Exclusive: Nomura to merge alternative units, eyes open-ended funds

Vehicles managed by Australia-based Hastings are among those considered by the Japanese firm as it seeks to meet rising domestic demand for yield and liquidity.

Nomura Trust and Banking Co., a subsidiary of Nomura Holdings, Japan’s biggest brokerage group, is currently vetting infrastructure-focused asset managers on behalf of its institutional clients.

Takashi Futatsugi, an executive director at the firm, told Infrastructure Investor that dwindling returns on fixed income and high valuations of listed equities made infrastructure attractive.

His previous experience, he said, has included looking after private equity and hedge vehicles set up for high net worth individuals by Nomura’s former investment trust fund department, for which he worked until 2008, as well as two Asian funds of funds launched between 2009 and 2014. 

It is understood that Nomura Private Equity Capital, the unit through which the Asian funds were launched, is to cease existing independently as a result. Its team will now come under the umbrella of Nomura Asset Management, a source told Infrastructure Investor. Futatsugi declined to comment on the reshuffle. 

He explained that Nomura Trust and Banking Co. was now willing to take its time before awarding mandates, given what he believes is a plethora of managers and products on offer. But he said Japanese investors’ growing appetite for steady income-generating investments and their need for liquidity made open-ended funds his favourite option.

He singled out vehicles managed by Melbourne-based Hastings Funds Management as being in his current shortlist.

“We want to collaborate with infrastructure asset managers as we do not currently hold the expertise internally, and Hastings is a good candidate from my conversations so far,” he said on the sidelines of Infrastructure Investor’s Tokyo Forum last week. “The firm was created over 20 years ago, which we find astonishing.”

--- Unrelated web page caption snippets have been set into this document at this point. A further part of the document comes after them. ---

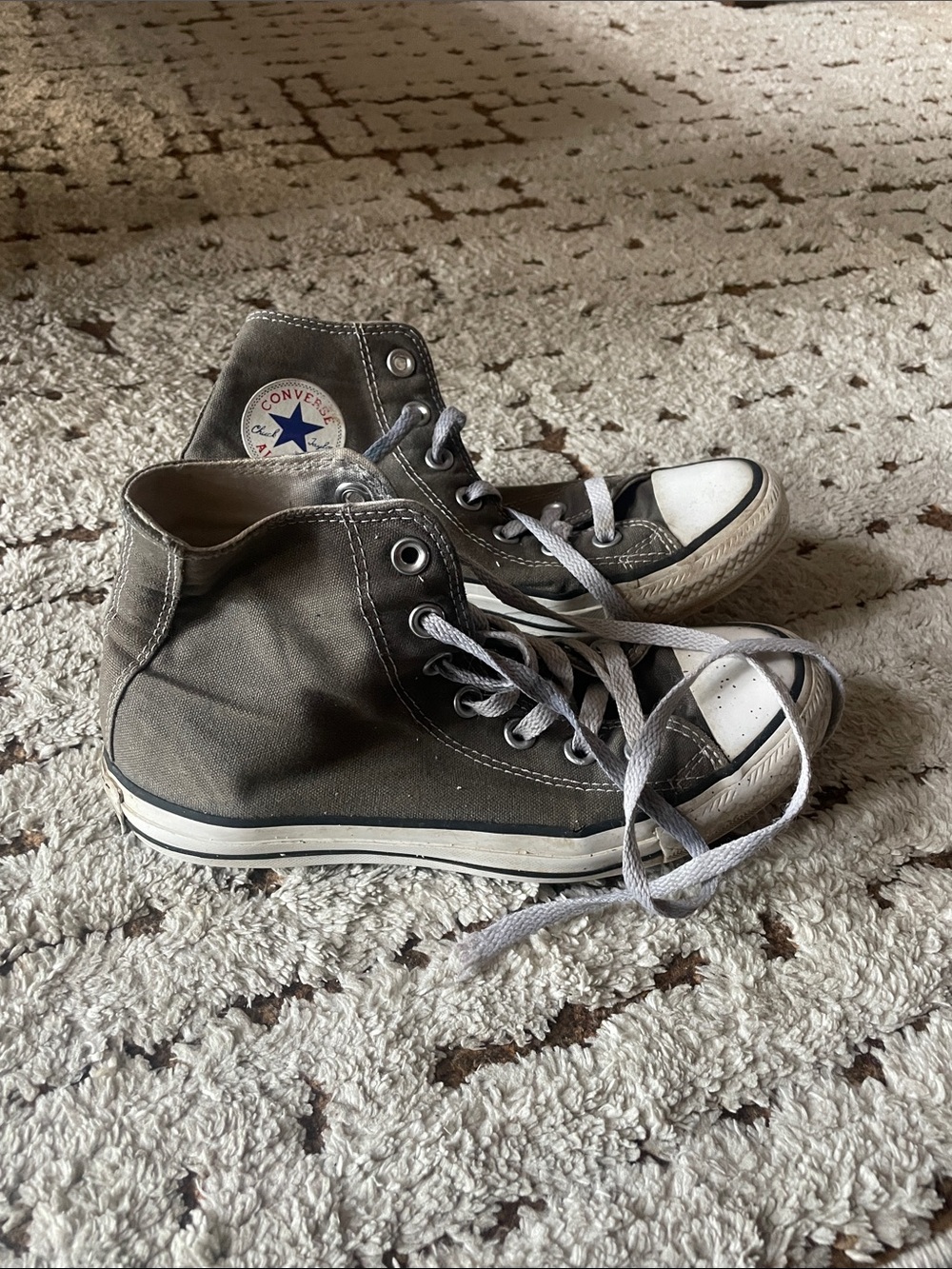Converse women’s size 6 Gray High-Top Chuck Taylor Sneakers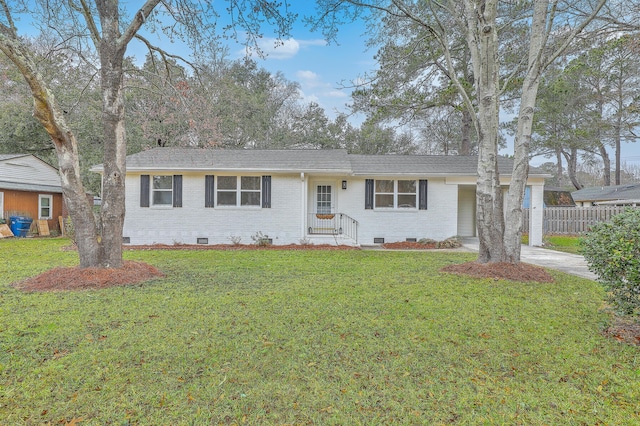 single story home featuring a front lawn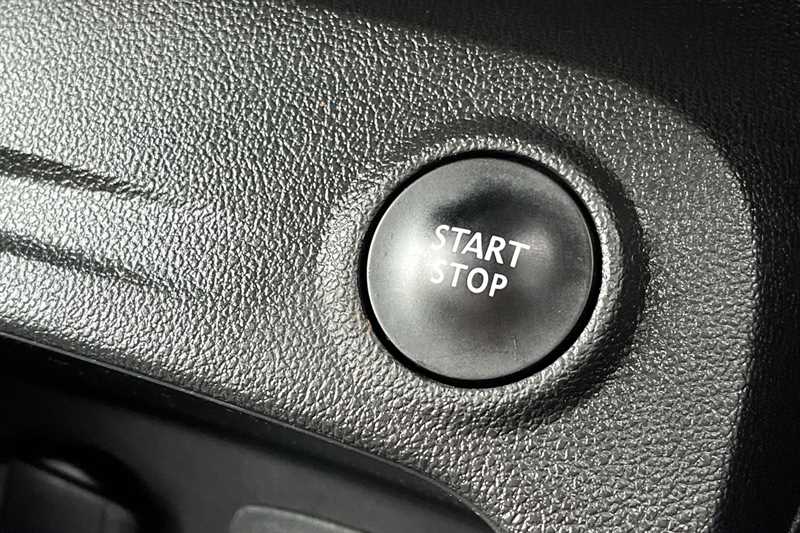 Used Renault Captur 2018 for sale - 77429983: Photo 38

He conceded that figuring out how liquid existing open-ended structures really were represented an enduring challenge.

“Our clients will want to know when they will be able to cash in the entirety of their interests, and that is the part which we are not always sure about.”

He added that his team was primarily drawn towards core strategies in developed economies, with core plus strategies in the same markets getting second preference. He also expressed interest for infrastructure debt products, while fund of funds – which would englobe all three strategies – was yet another option on Nomura’s prospective list.